野球とベースボール。同じスポーツを表す名前ながら、プロ野球とメジャーリーグ、両方の解説をしているとその違いを感じずにはいられません。そもそも、アメリカで実施されたルールやフォーマットの改定が、数年後に日本でも採用される流れが定着していますが、2023年にメジャーが実施した改定のインパクトは絶大で、日米で違うスポーツをしているのではないかという錯覚すら覚えたほどです。


ここで2023年にメジャーで実施された主なルール・フォーマットの改定をご紹介しましょう。


○ピッチクロックの導入
投手は走者なしの場面では15秒以内、走者ありの場合は20秒以内に投球しなくてはならない
打者が交代する場面では30秒以内
捕手はピッチクロックが残り9秒以下になる前に、ホームベース後方に下がらなくてはならない
打者は残り8秒以下になる前に、打席に入らなくてはならない
投手側の違反は1ボール、打者側の違反は1ストライクが宣告される


○牽制球制限
プレートから足を外す行為も含め、投手の牽制は1打席につき3回まで。

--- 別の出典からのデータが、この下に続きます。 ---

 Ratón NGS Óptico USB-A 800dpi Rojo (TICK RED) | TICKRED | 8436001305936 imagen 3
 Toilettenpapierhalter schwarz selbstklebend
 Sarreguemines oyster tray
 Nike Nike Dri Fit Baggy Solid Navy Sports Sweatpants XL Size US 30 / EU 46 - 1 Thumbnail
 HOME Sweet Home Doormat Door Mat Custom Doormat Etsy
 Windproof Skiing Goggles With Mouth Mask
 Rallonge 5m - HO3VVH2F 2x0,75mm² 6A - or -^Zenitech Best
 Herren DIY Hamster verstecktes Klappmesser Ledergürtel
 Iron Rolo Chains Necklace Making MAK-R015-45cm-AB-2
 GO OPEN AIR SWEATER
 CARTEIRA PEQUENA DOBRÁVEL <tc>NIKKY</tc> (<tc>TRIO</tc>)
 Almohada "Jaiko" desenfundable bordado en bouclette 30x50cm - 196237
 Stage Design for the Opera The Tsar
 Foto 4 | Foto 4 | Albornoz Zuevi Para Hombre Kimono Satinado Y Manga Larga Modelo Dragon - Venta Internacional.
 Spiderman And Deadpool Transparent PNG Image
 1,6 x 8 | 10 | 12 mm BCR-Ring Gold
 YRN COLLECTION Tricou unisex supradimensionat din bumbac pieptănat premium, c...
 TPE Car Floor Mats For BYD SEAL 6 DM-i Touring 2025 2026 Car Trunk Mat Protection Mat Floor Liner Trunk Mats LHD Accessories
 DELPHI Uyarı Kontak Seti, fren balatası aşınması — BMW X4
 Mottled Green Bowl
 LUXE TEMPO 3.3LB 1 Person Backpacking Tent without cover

3回目の牽制球で走者をアウトにしない限り、以降はボークを宣告される


○守備シフトの禁止
内野手は二塁ベースを中心とした左右に2人ずつ位置しなければならない
内野手は内野のダート部分に両足を置かなければならない
違反した場合は1ボールが宣告される


○ベースの拡大
一塁、二塁、三塁ベースの大きさが15インチ(約38センチメートル)四方から18インチ(約46センチメートル)四方に拡大


■試合時間が長すぎてベースボール人気が低迷


かつては「The Great American Pastime(アメリカの一大娯楽)」と呼ばれ、国民的人気を誇った野球ですが、今ではアメリカンフットボールやバスケットボールなどの人気に押され、ファンと競技人口の減少が大きな課題となっています。そこで、メジャーリーグ機構が中心となり人気低下の原因を調査したところ、3時間を超える試合時間の長さが大きく関係することが分かりました。


メジャーリーグ機構のロブ・マンフレッド・コミッショナーは「時短」を急務の課題に掲げ、試合時間を長引かせる要因をさらに調査。その結果、投手によってまちまちな投球間隔、監督・コーチによるマウンド訪問、打者がたびたび打席を外す行為などを「無駄の省ける時間」とし、ピッチクロックを導入することで時短を図ることにしたのです。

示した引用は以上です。